(DATA FOR THIS TASK)

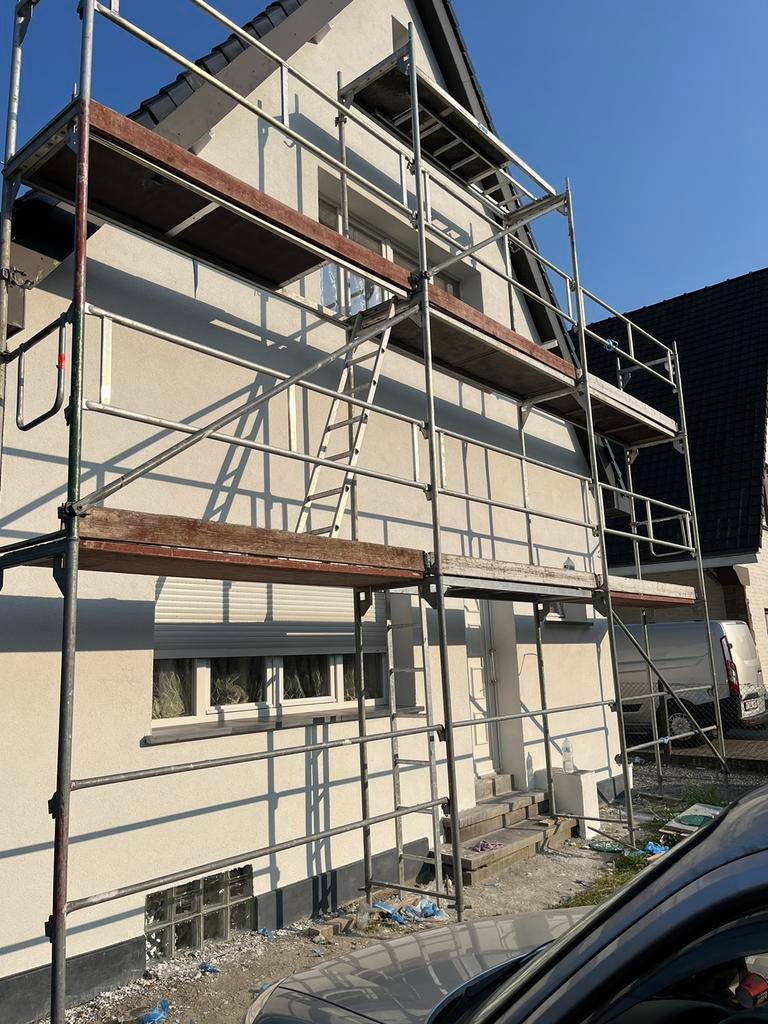 Travaux de Façade 0467670547, Bricolage & Construction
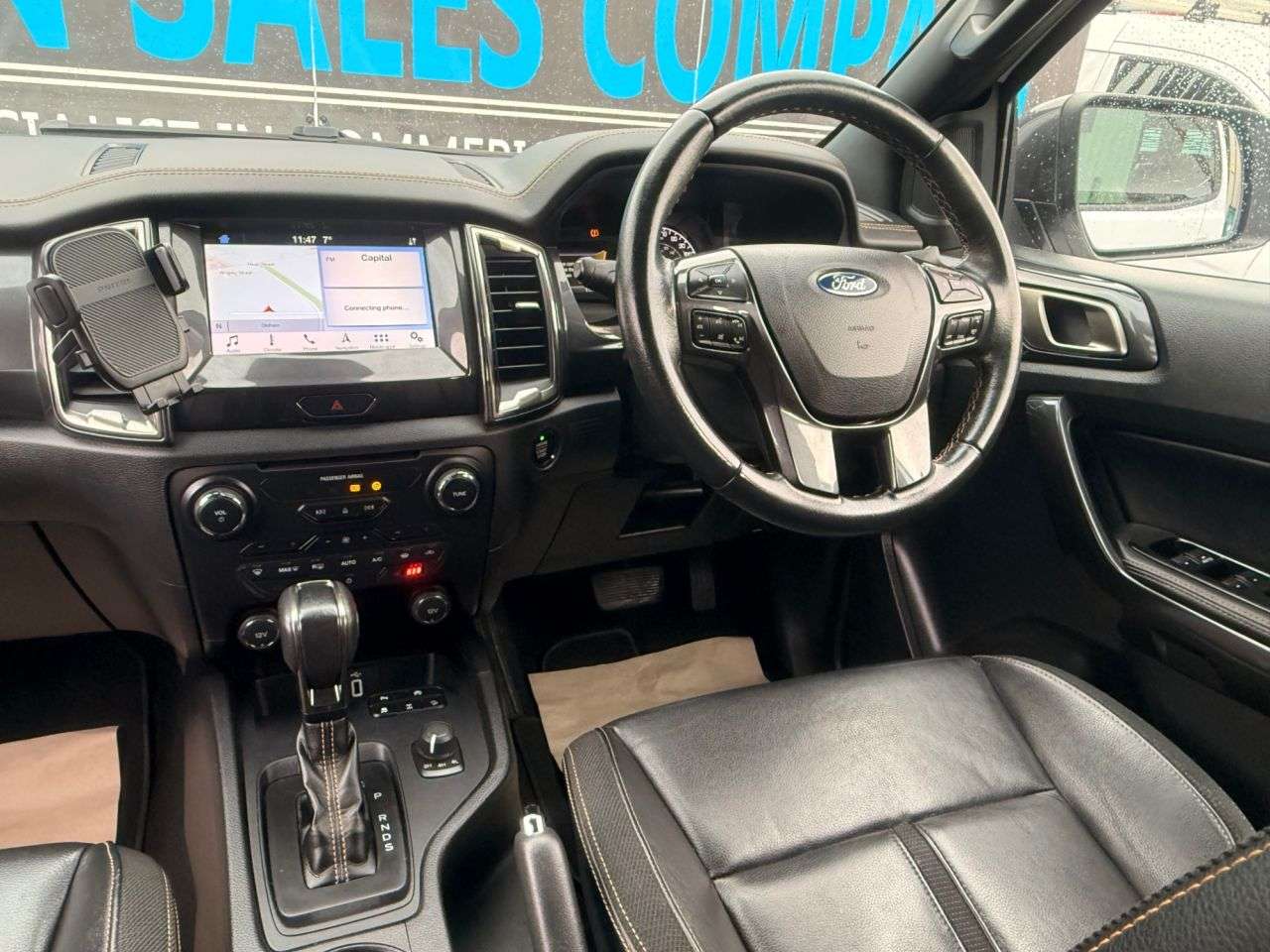 2019 FORD RANGER 2019 FORD RANGER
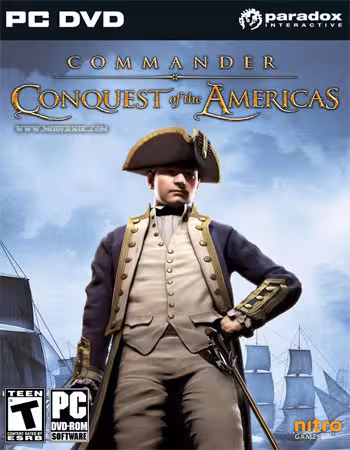 بازی کامپیوتر فرمانده تسخیر آمریکا دوبله فارسی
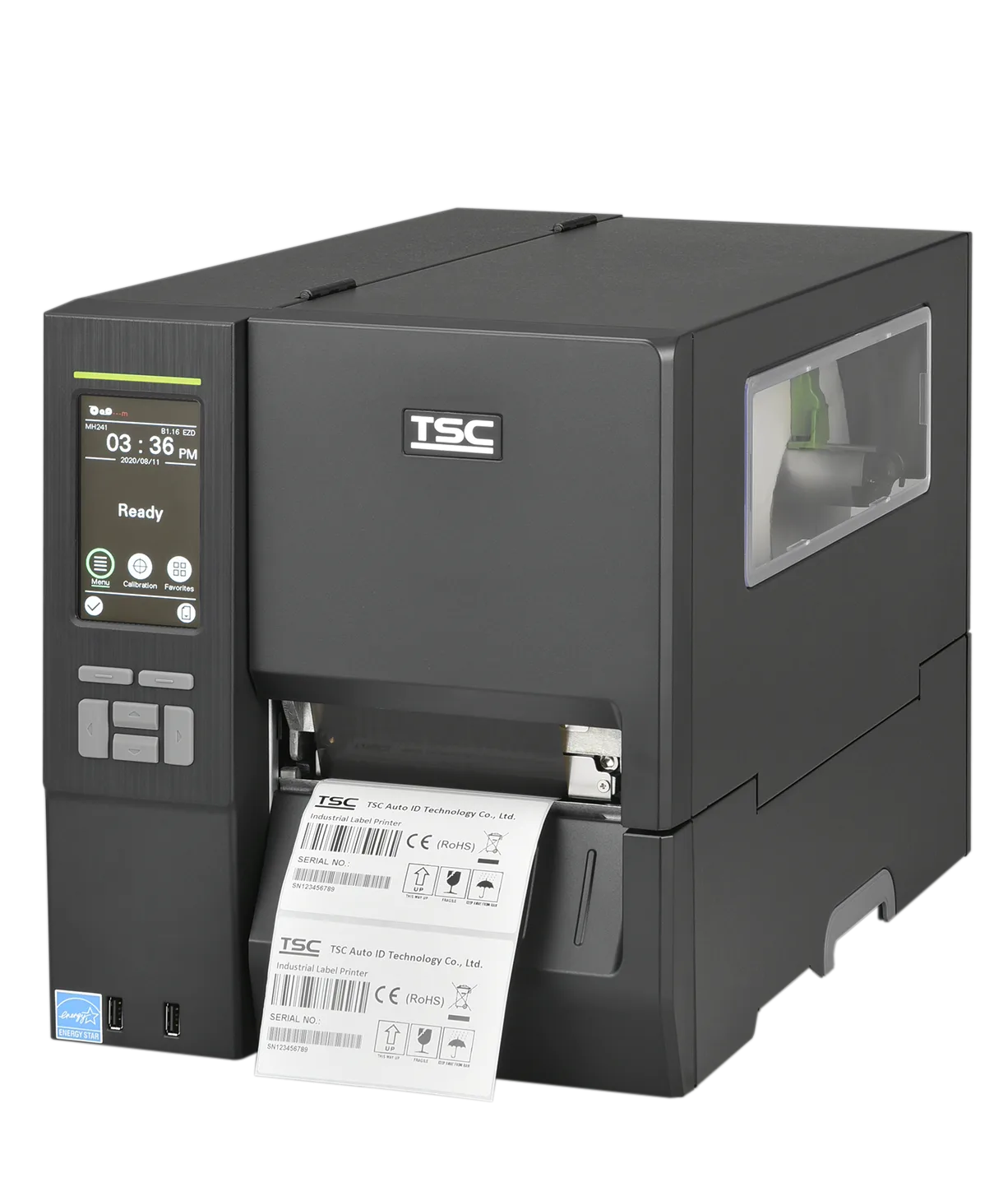 TSC MH341T Industrial Printer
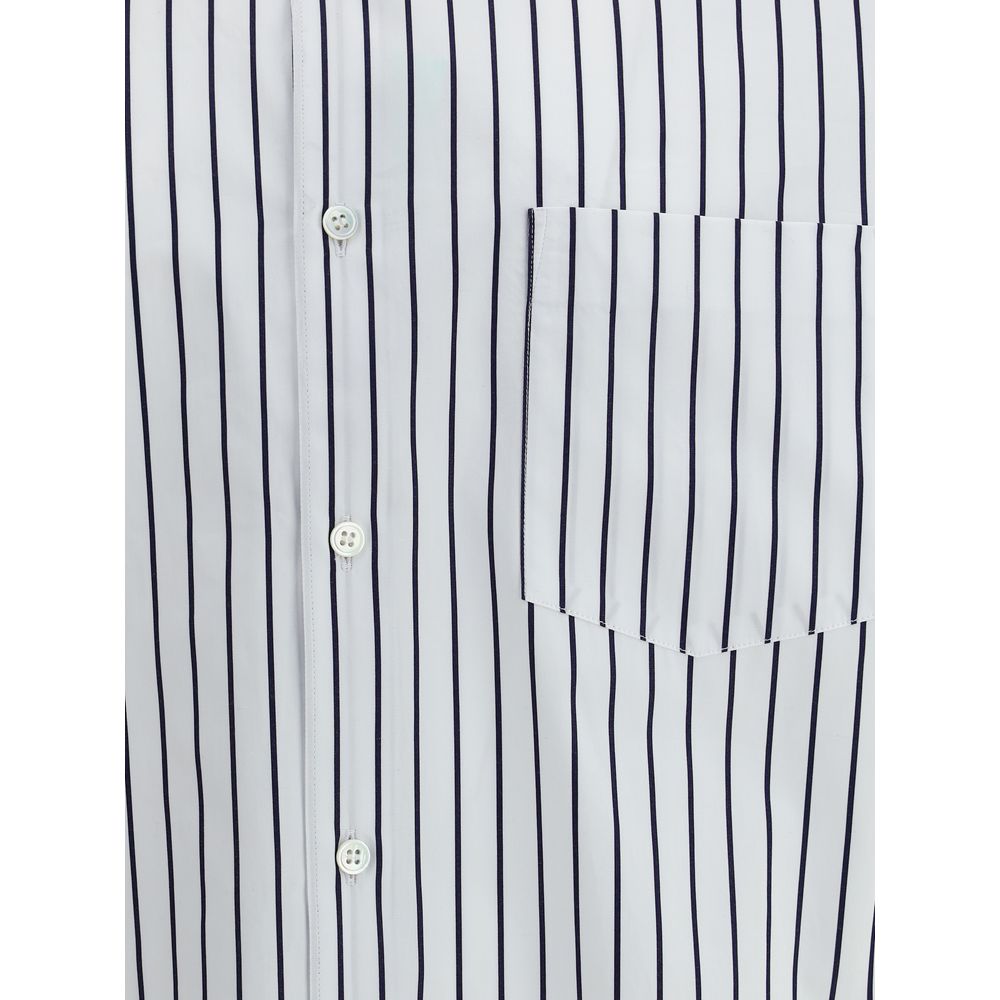 Comme Des Garçons Shirt Striped Shirt - Sandy Store ByNet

(End DATA FOR THIS TASK)

INSTRUCTIONS FOR THE TASK: Locate "بازی کامپیوتر فرمانده" in the listing above, then print exactly the lines from that line through the final one, omitting all pictures.

SOLUTION FOR THIS TASK:
 بازی کامپیوتر فرمانده تسخیر آمریکا دوبله فارسی
 TSC MH341T Industrial Printer
 Comme Des Garçons Shirt Striped Shirt - Sandy Store ByNet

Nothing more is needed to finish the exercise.